La memoria es uno de los recursos más clásicos de la literatura para tratar cualquier tema que se precie, no solo por el juego que permite al presentar a un personaje que va rememorando su historia, sino porque sus evidentes lagunas, errores, olvidos e incluso malinterpretaciones dan lugar a amplios espacios que, en especial la novela, han sido explorados desde hace ya bastante tiempo con resultados más que satisfactorios.
John Banville, muy consciente de esta realidad, se lanzó a escribir su penúltima novela con la idea de proponer un viaje doble para su protagonista de El mar, por la que ha recibido todo tipo de elogios y galardones.
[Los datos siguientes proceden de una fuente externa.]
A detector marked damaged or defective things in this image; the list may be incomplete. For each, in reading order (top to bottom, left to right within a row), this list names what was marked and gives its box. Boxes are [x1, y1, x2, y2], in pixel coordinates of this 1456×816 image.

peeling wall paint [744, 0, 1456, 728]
Tras la muerte de su esposa, un historiador de arte llamado Max Morden se retira a un lugar perdido en la costa, un espacio que es al mismo tiempo refugio del dolor ante la pérdida y una ventana a una infancia que creía perdida. Con el paso de los días, la narración de Morden irá rememorando hechos de ambas líneas temporales, que concluyen con un final trágico en ambas que parece indicar un signo fatal en el destino del personaje.
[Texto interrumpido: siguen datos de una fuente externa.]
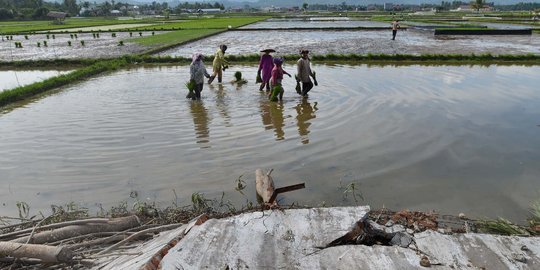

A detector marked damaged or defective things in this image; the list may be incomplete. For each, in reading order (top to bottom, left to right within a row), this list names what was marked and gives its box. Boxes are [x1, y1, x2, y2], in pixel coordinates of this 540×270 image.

broken concrete slab [156, 206, 540, 268]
Reconozco que la novela me cautivó en un primer momento por su atípica forma de narrar los sucesos, mezclando tonos solemnes, casí míticos, con otros más prosaicos que lindaban incluso con el humor. Poco a poco, sin embargo, y conforme el plano de la infancia cobraba cada vez un protagonismo descaradamente superior al de la vejez, mi interés fue perdiéndose paulatinamente, hasta el punto que tuve que hacer un esfuerzo por terminar la novela. Y si bien es cierto que su final es satisfactorio y cierra adecuadamente las tramas, el proceso que lleva desde el inicio al desenlace me pareció que fallaba, por paradójico que parezca, allí donde reside su recurso narrativo principal: los mecanismos de funcionamiento de la memoria del narrador.
Es evidente que la novela del siglo XXI tiene, por fuerza, que superar los esquemas narrativos del orden cronológico y de la intensificación de la trama para atrapar al lector. Esto ya no es el siglo XIX y no somos aficionados al folletín, lógicamente. Por otro lado, la memoria y sus resortes escapan a procesos lógicos, y por ello es de esperar que el narrador se deje llevar, casi como mecido por el oleaje, por los vaivenes de una colección de recuerdos aparentemente desordenada. Ahora bien, aunque todo eso sea justificable, no lo es el hecho de que Banville no maneja bien los tiempos de un relato donde el desequilibrio pone en serio peligro el interés del lector en momentos clave del texto. Aunque esto es solo una opinión personal, la trama del fallecimiento de la mujer plantea un dramatismo y una tensión, en los pocos momentos que se dedica el texto a ella, que la historia de los juegos infantiles no alcanza ni de lejos. Puede que al narrador le resulte muy terapéutico refugiarse en su despertar al amor y a la vida (más bien yo diría que la sensualidad femenina, y poco más), pero lo cierto es que el texto se desarrolla de manera anodina en pasajes demasiado extensos. La división en partes no termino de verla del todo clara, aunque seguramente tendrá sus motivos, y cuando al final descubrimos el elemento de enlace entre ambas tramas la sensación de tomadura de pelo es importante.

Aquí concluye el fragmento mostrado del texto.